The godfather of modern cooking, British chef Marco Pierre White is an unlikely ambassador for supermarket convenience products. Celeste Gorrell Anstiss finds out these may well be the secret to creating a world-class winter warmer.
Shop-bought stock is one of those sneaky products that finds its way into the shopping trolley despite the guilt of knowing it wouldn't have been that hard to boil the bones from last week's roast. It's not the sort of purchase a former Le Gavroche chef would usually encourage - especially one with the skills to earn three Michelin Stars and the attitude to land a lead role on Hell's Kitchen.
But Marco Pierre White is not afraid to fess up. He doesn't bat an eyelid when he tells me that the famous London Le Gavroche churns through stock concentrate in bulk containers. There, he says, it's added to just about everything, and apparently that's nothing he's ashamed of.
Pierre White worked at Le Gavroche when its kitchen was run by the famous Roux brothers, who were at the top of their game despite having no formal training. Pierre White says they were not compromised by the ingredient snobbery emerging in many of today's chefs.
"It's not about cutting corners, it's about flavour. Great technical ability is what you need to create flavour. The Roux brothers didn't have that, at least not in a classical sense."
That's not to say they were turning out dishes made with flavour sachets or two-minute noodles.
"It's how you use something. I use stock concentrate as a seasoning. Some people will call that cheating or taking a short cut, but if that gives the best flavour, why wouldn't I use it?"
When Pierre White cooks for friends, one of his favourite creations is boiled sweet potato blitzed in the food processor with a 28g stock pot and a sprinkle of pepper. He serves it with braised beef or hearty stews and says it makes them shine. Children like it too because, as he puts it, the mixture is soft and golden and that's what children are drawn to.
Pierre White is also remarkably humble about his taste in meat. His advice is to forget expensive steaks and fillets, instead going for the shin and shoulder - two of the cheapest cuts.
"The most flavour is always closest to the bone," he says. "Meat cooked in a pot tends to be tastier than meat cooked in the pan."
When it comes to stocks, stews and risottos, he says many home cooks dilute these dishes with stocks that are little more than stained water. Home-made stock is tricky to get right.
"The reason why people don't make great stocks at home is firstly because they don't have a big enough pot; secondly, because they don't have enough carcasses to make it properly and thirdly because it costs a fortune to have all the seasoning to create a decent flavour."
His advice is to add two small pots of stock concentrate in with the bones and vegetable scraps, before boiling in a large pan with plenty of water.
For a quick stock, Continental stock pots, which are effectively a jelly concentrate, can be diluted to make eight litres of regular stock. It works out slightly cheaper than buying the bigger containers of stock.

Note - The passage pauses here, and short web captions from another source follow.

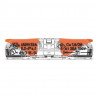 Borne WAGO 221 Inline 2x4mm² à leviers souple & rigide - Wago | 221-2411/995-012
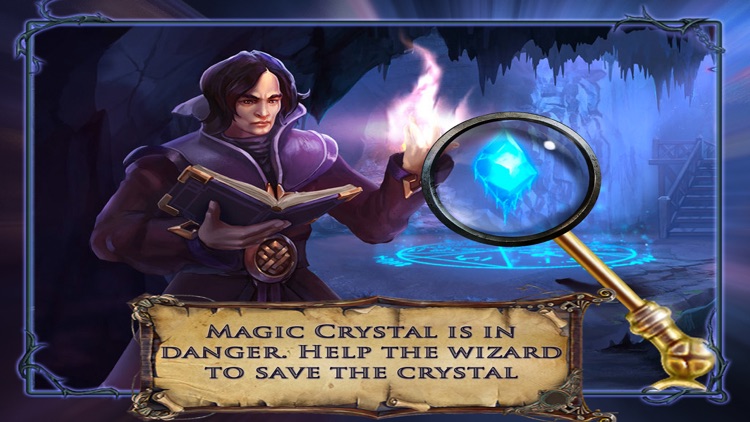 Hidden Object Magic Crystal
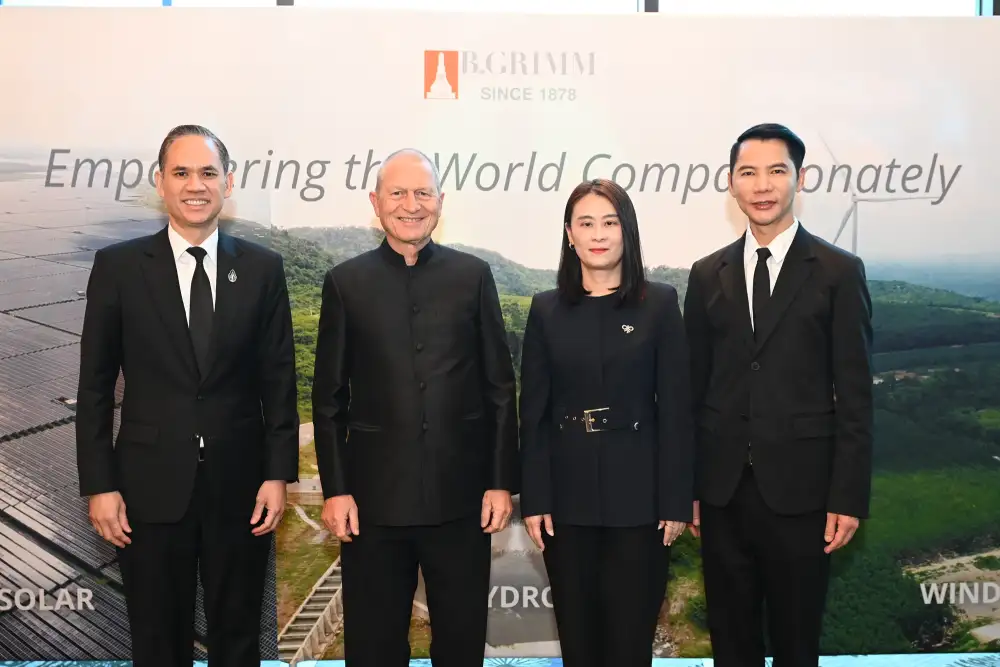 BGRIM ทุ่มงบ 7 หมื่นลบ.ใน5 ปี เร่งขยายพลังงานหมุนเวียนทั่วโลก,ปี 69 คาดกำไรโต 10-15%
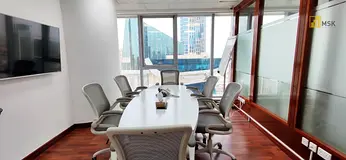 Stunning Fully Furnished Office | High Floor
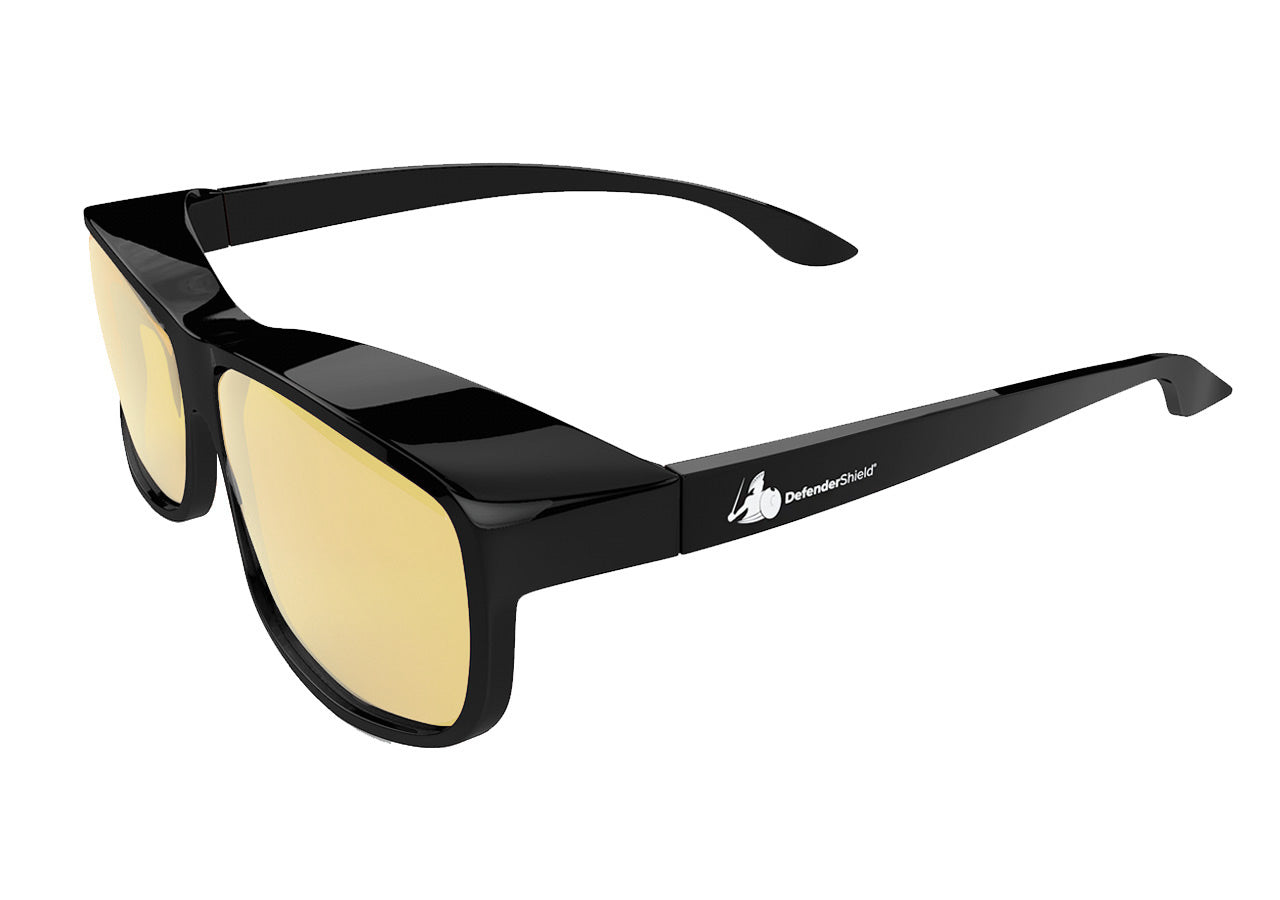 Blue Light Blocking Glasses – Universal Fitover Series – DefenderShield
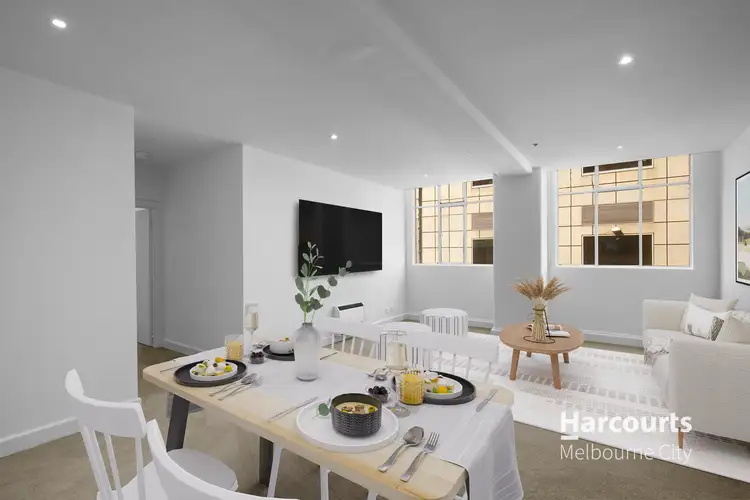 Third view of Homely apartment listing, 102/501 Little Collins Street, Melbourne VIC 3000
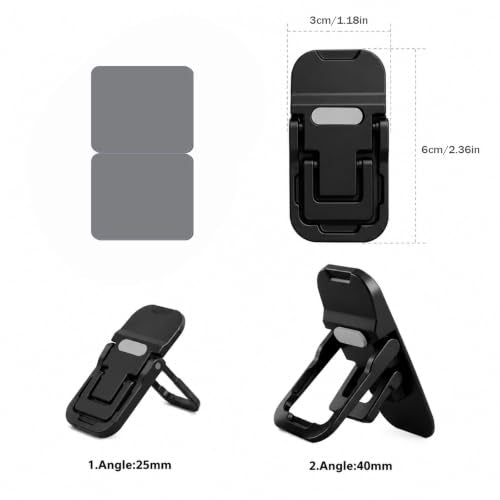 2 Pcs Foldable Computer Laptop Stand Mini Keyboard Stand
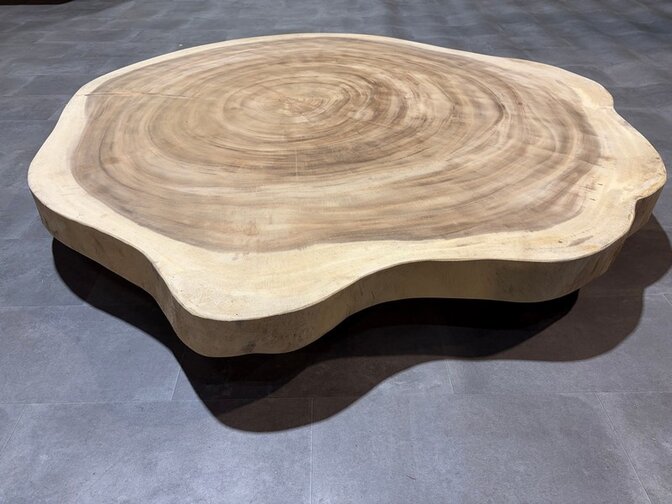 Ronde boomstamtafel 155/160cm - CA19-126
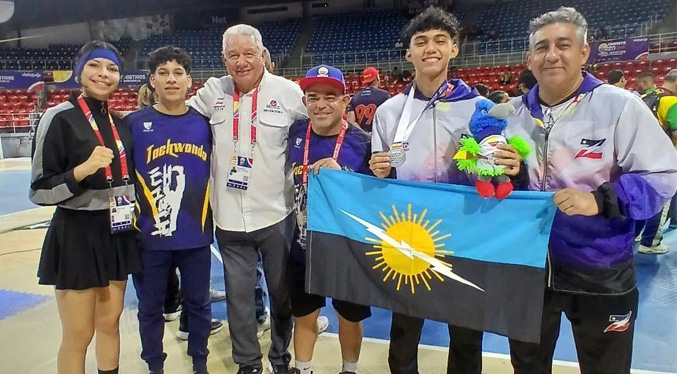 José Manuel Escalona le da al Zulia la Primera Medalla de Plata en los Juegos Nacionales y Paranacionales de Oriente 2024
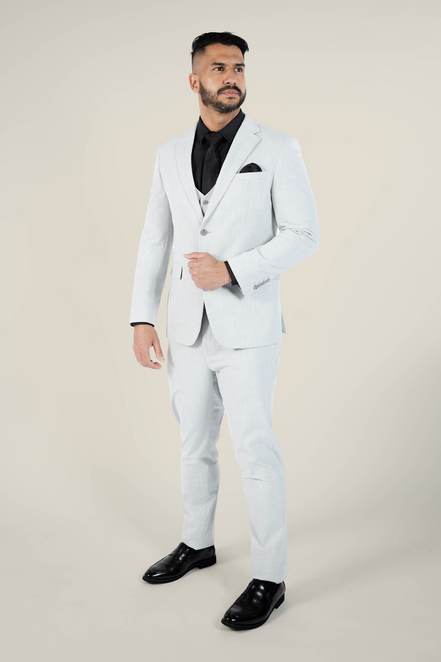Men's Cloud Grey Suit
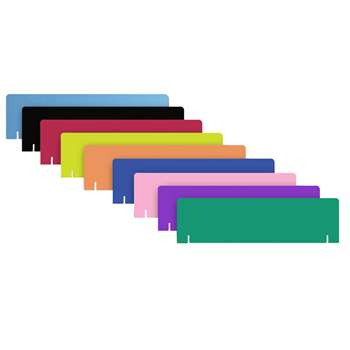 Project Board Headers 9Pk Assorted 1 Each Of 9 Colors By Flipside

Pierre White says another way to achieve greater flavour is to skip the stock entirely, replacing it with freshly squeezed vegetable juice. A stock pot can be added later to intensify the flavours that come off the meat or vegetables as they cook.
Marco's pumpkin soup
Carrot juice is used instead of stock, with a container of stock concentrate to give depth.
1 Dice 2kg of pumpkin soup into 3cm squares and cook in a pan splashed with olive oil for 10 minutes, stirring every so often.
2 Add 1.2L of freshly squeezed carrot juice and two Continental stock pots. Bring to the boil, and then lower to a simmer for eight minutes.
3 Add 100ml of fresh cream and cook for another two minutes. Season with salt and pepper.